Place: Zamami Kerama Ids, Japan, July 13, 2001. Depth: 10m; Size: about 10mm
Water temperature: 28C degrees.
email@example.comImamoto, J. , 2001 (Sep 9) Re: Elysia lobata from Japan. [Message in] Sea Slug Forum. Australian Museum, Sydney. Available from http://www.seaslugforum.net/find/5234
Thanks for these photos. The appearance of the white pustules is quite interesting. I have often suspected that in species of Elysia, such as Elysia ornata, the white pustules which are sometimes present in the parapodia, are either glands, or storage sacs for the white defensive secretions that sacoglossans often exude when disturbed. As I have discussed elswhere on the Forum, these secretions are almost certainly derived from defensive chemicals produced by the plants they feed on.
I thought at first that perhaps the lighting in the photos made the white spots visible in one photo but not the other but in the loswer photo they are clearly visible on both the lighted side of the parapodia and the shaded side. On the outside of the parapodia they appear as quite swollen pustules. My guess is that these are mantle glands, swollen with their white defensive secretions. In the upper photo the glands are empty and so no white region can be seen. If this is correct then the most likely situation is that when you first found the animals the glands were full, but for some reason they emptied the secretions before you took the second photo. Alternatively the opposite could be true. Perhaps the secretions are spread thinly throughout the body wall and only move to the 'glands' or 'sacs' when the animal is disturbed and preparing to discharge the secretions. If that is the case, then your white spotted photo shows an 'irritated' animal about to discharge its nasty secretions.
It would not be that difficult to test. If you find some of these animals, or Elysia ornata, which also sometimes has white spots, take a photo and then gently irritate the animal by touching or poking it with a stick and see what happens. If it has white spots when you start it might secrete a sticky white mucus and lose the spots.
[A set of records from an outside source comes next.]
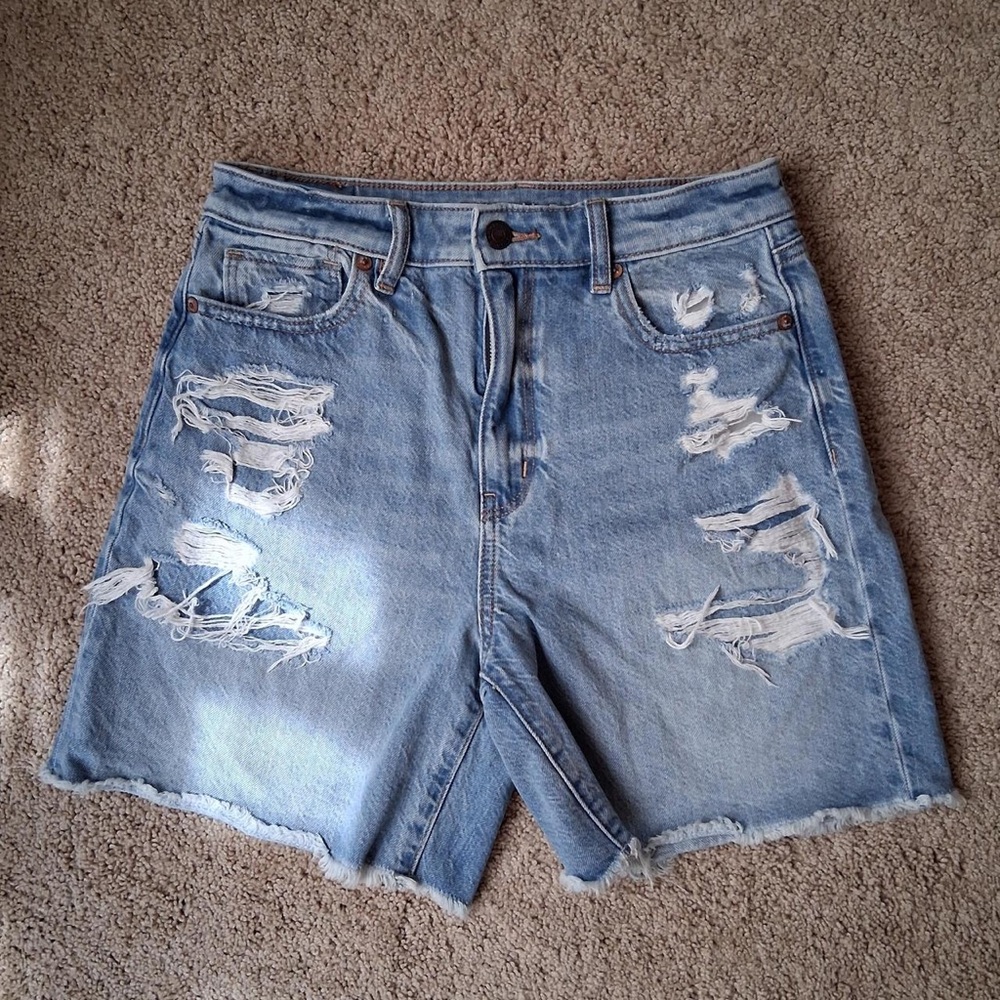 American Eagle Outfitters Light Blue Distressed Jean Shorts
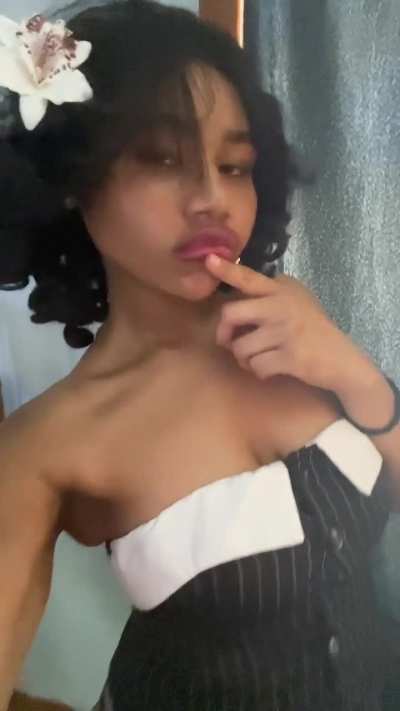 Plump lips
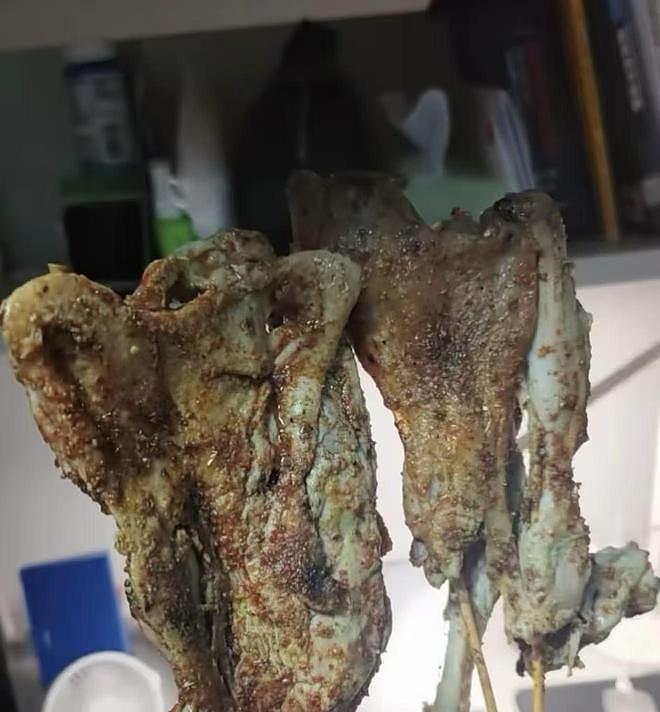 鹅腿阿姨儿子被扒：宝马路虎换着开，出手很阔绰，妻子貌美如花（组图） - 1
If it doesn't have spots when you start it might develop white spots as the secretions aggregate into pustules before being released. Either way it would be an interesting little experiment.
I am glad you are finding the study of these animals so interesting. I must say I am also finding your messages and photos extremely interesting.
September 4, 2001
From: Bill Rudman
This solves an identification problem I had with a photo sent by Jun Imamoto from Kerama Ids, Japan. Although the angle of the photo does not show the trilobed parapodia, the colour pattern is identical to Bob Bolland's photos. Both Cory Pitman and Terry Gosliner have identified Bob's species as Elysia lobata (Gould, 1852). I have further discussed the identification history of this species at the top of the page.
August 7, 2001
From: Jun Imamoto
I went to Atsushi Ono place Zamami, Kerama Ids off Okinawa from July 13-21, 2001.
We were able to observe about 80 kind of sea slugs. Can you identify this species of Elysia please.
Length: 10mm depth: 10M
Water temp:29-30C degree
firstname.lastname@example.orgImamoto, J., 2001 (Aug 7) Elysiidae from Kerama Ids, Japan (2). [Message in] Sea Slug Forum. Australian Museum, Sydney. Available from http://www.seaslugforum.net/find/4937
I am not sure if this species has been named. Perhaps Kathe Jensen will recognise it for us.